A phone can show one or two panels at a time, at best. There’s a lot of stuff you just can’t do. It’s a tiny, limited canvas, even before it gets shitted up with ads and pop ups.
I don't think any book could give the feeling of transitions as the webtoon format can, yes, its only a panel (or less!) at a time, but the artist can give a halting thought-by-thought feel of a man on his deathbed, or roll out an entire red carpet of flourishes to introduce a character of nobility
You can't go super transition-heavy in print, because well, printing and pages cost. and people need to move their big hands to flick the pages, there is an expected consumption rate for that effort put in, so even if cost wasn't an issue, people would get fed up with the transitions anyhow.
so yeah, 1 panel at a time, is a bit of a downside, but IMO its also an upside in that one can give each panel its own treatment and such. an infinite vertical strip as one's canvas
- - -
of course, getting all the bits into the right places with the right breathing rooms and the right flow is a true skill in of itself, but, I dunno, is it better to read 1 super good comic, or 100 entertaining enough ones? the bar is lowered by all of this, yes, but is that a bad thing?
I've noticed this smartphone layout in comics before and I recognise the strengths but find it really less enjoyable to read. I have to be constantly scrolling and it's difficult to ever settle into a scene and feel it since they're gone in the blink of an eye. In regular pages that panel is still on the page and/or you can play with panel size and layout to create impact, but I just don't feel it with these scrolling comics.
That being said, I /do/ like the transition thing you mentioned.
I’ve recently started following a few webcomics that are phone first. I’m sure they’ve been around a while, but it was novel to me to have a story set up as a continuous downward scroll. There isn’t as much flexibility as you get with a comic spread, but there are still interesting tricks that contribute significantly to the overall feel and pacing of the story.
Definitely agree with this. They achieve a form of dynamic animation sometimes, where the continuous scroll can "lead" objects on the screen into new scenes which can be really cool. I'd recommend the previous poster to read a couple of episodes, one example I found really cool was this one https://www.webtoons.com/en/thriller/not-even-bones/ep-1/vie...

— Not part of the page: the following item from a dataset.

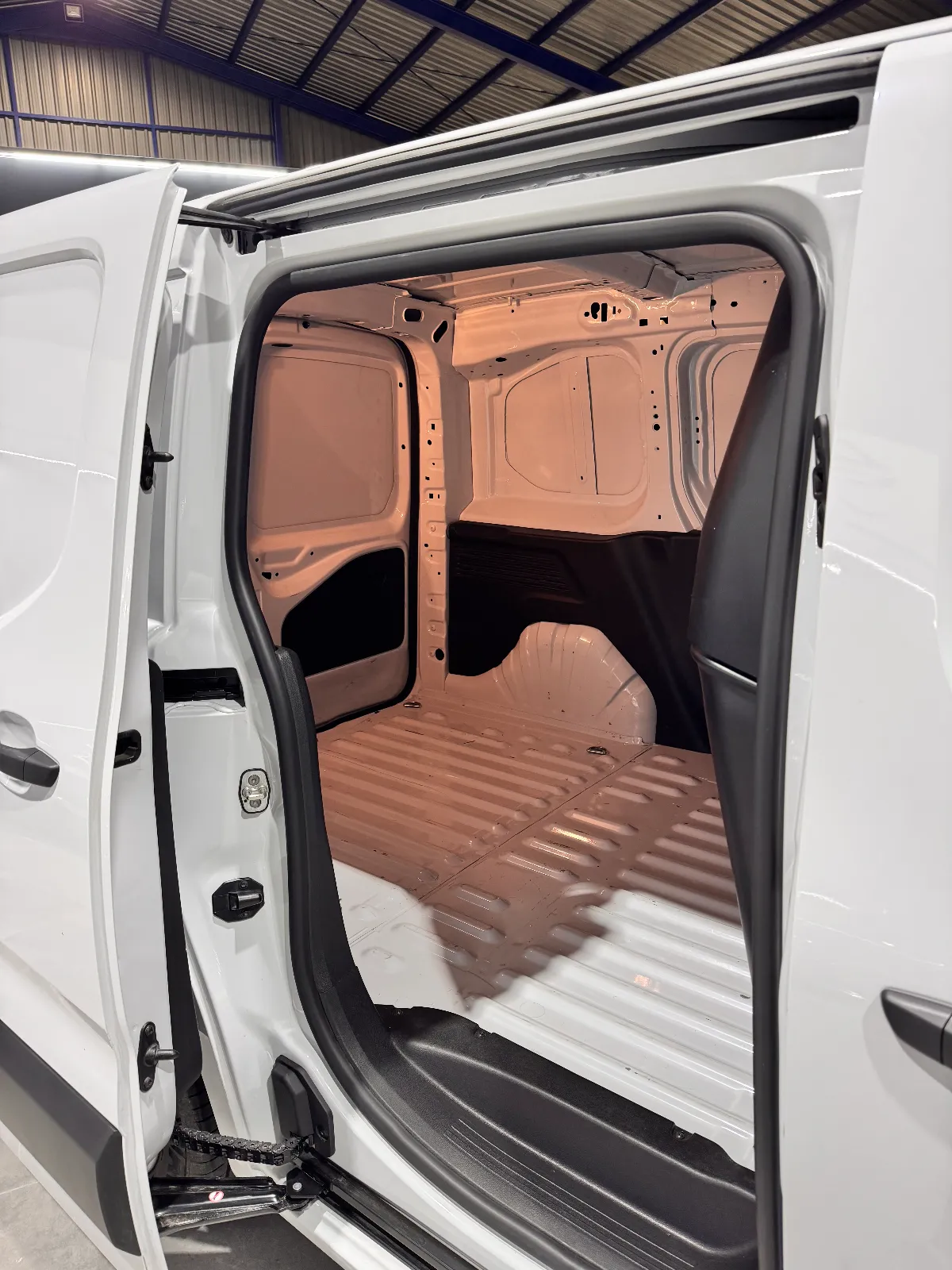 Citröen BERLINGO — foto 8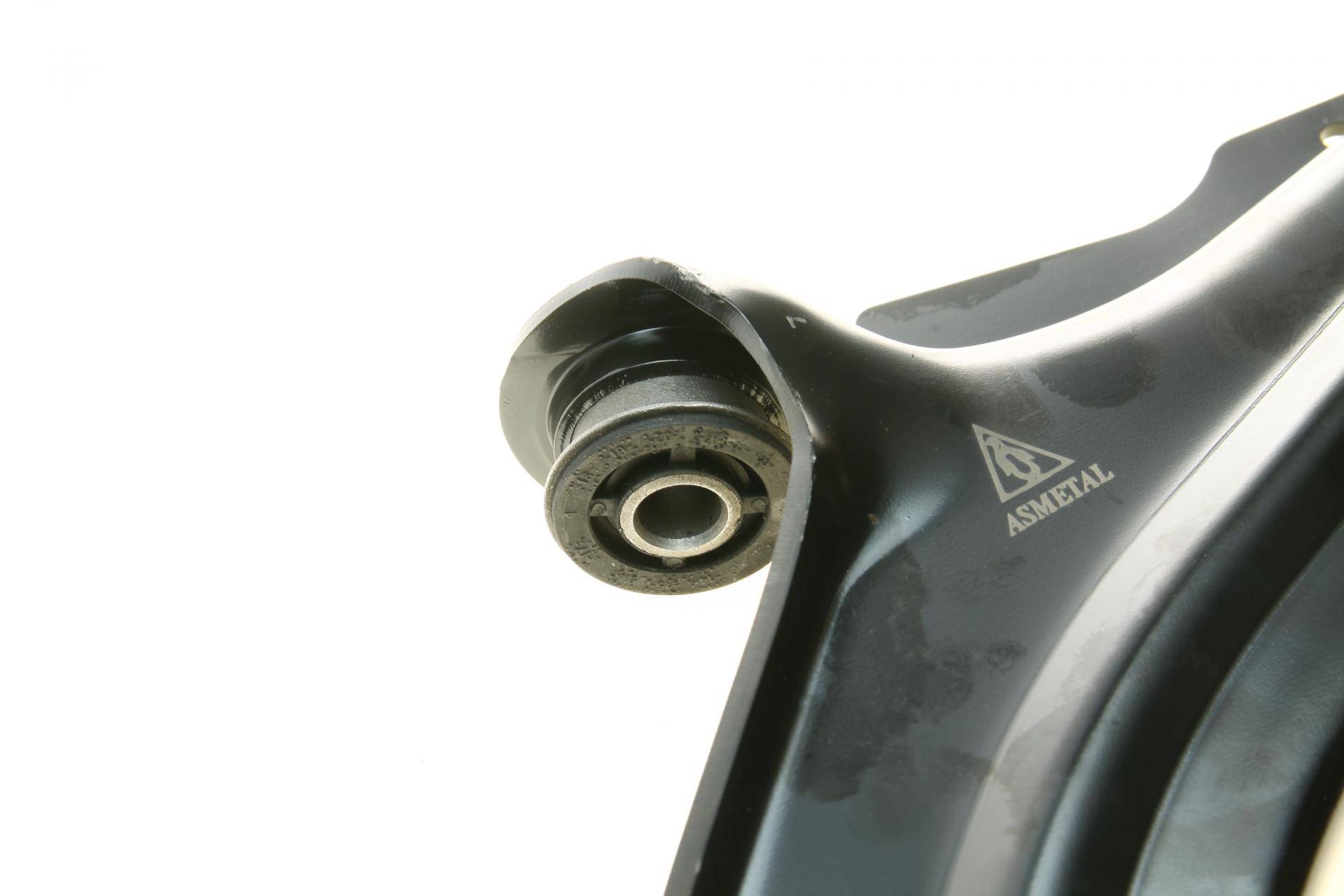 Важіль підвіски (передній/знизу) (L) Renault Megane/Scenic II 02-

Works best on the phone where you can have it fullscreen and smooth scrolling.
I love comics like MSPA that use web elements like animation, hypertext, chatlogs, and interactive panels as progressive enhancements on the comic form. But I actually really dislike the scroll comic format.
I don't enjoy fiddling with the scroll position, or things peeking in from the edges, I like a nicely laid out scene and a button or other control that takes me to the next "page" or scene without the fuss that scrolling to the right position adds.
Scott McCloud of Zot fame was an early adopter of the web, I attended a talk from him where he was talking about how frustrated he was that the 3 panel format had persisted to the web, when there were so many ways to use space creatively.
He later adapted that talk for his "understanding comics" Ted talk. Worth a watch if you love the medium
I've got all his books and he's even linked to one of my comics in the past. http://egypt.urnash.com/rita/ if you're curious.
It's pretty cool on a decent-sized screen, it was designed around the size of the iPad I'd just gotten when I started it. Not so cool on a phone. Try it on both and you'll see what I mean.